**Assignment:** Give the data again exactly, from its opening line through the line in which "The replacement of" appears.

**Excerpted data:**

>>

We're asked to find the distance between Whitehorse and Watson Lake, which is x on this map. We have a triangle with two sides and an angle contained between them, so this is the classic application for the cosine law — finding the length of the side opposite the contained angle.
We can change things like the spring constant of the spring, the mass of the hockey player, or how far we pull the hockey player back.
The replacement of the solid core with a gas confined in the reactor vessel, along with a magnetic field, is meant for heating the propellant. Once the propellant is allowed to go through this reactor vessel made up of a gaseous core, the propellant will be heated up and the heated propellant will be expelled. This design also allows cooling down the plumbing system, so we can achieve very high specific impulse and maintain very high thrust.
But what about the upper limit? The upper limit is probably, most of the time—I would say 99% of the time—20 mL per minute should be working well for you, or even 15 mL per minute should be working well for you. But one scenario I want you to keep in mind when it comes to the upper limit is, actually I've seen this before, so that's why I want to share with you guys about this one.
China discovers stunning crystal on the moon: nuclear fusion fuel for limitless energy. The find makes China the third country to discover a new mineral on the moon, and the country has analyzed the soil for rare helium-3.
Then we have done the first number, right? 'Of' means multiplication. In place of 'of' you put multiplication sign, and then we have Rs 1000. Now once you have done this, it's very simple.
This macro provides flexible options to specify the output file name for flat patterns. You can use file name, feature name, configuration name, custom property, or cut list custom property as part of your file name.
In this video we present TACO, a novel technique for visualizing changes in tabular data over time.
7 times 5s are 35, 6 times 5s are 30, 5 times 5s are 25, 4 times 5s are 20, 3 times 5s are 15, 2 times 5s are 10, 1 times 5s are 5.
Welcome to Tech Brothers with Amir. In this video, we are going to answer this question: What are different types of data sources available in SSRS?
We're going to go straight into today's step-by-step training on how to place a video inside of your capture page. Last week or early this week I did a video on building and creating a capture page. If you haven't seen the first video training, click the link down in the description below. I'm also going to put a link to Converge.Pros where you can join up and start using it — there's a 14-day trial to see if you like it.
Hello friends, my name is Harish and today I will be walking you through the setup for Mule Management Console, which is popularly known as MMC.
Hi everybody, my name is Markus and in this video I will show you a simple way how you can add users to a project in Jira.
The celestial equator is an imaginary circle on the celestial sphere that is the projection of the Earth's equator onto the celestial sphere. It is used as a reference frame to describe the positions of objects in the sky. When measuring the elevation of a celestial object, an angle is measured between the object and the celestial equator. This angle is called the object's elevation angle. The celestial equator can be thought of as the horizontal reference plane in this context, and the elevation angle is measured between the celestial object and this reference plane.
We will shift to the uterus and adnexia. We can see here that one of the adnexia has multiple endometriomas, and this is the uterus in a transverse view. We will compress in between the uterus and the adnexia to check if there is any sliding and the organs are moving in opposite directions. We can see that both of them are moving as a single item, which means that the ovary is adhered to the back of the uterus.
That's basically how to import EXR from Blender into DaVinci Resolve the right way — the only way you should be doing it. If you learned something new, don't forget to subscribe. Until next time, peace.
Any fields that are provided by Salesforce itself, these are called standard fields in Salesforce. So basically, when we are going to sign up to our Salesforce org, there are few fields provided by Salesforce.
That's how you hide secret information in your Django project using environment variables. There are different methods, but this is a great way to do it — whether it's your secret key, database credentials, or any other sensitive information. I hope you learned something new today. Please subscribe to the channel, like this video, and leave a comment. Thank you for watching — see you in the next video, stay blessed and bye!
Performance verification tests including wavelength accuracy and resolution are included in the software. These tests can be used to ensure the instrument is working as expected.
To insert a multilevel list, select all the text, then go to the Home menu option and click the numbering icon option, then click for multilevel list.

<<

**Response to this task:**
We're asked to find the distance between Whitehorse and Watson Lake, which is x on this map. We have a triangle with two sides and an angle contained between them, so this is the classic application for the cosine law — finding the length of the side opposite the contained angle.
We can change things like the spring constant of the spring, the mass of the hockey player, or how far we pull the hockey player back.
The replacement of the solid core with a gas confined in the reactor vessel, along with a magnetic field, is meant for heating the propellant. Once the propellant is allowed to go through this reactor vessel made up of a gaseous core, the propellant will be heated up and the heated propellant will be expelled. This design also allows cooling down the plumbing system, so we can achieve very high specific impulse and maintain very high thrust.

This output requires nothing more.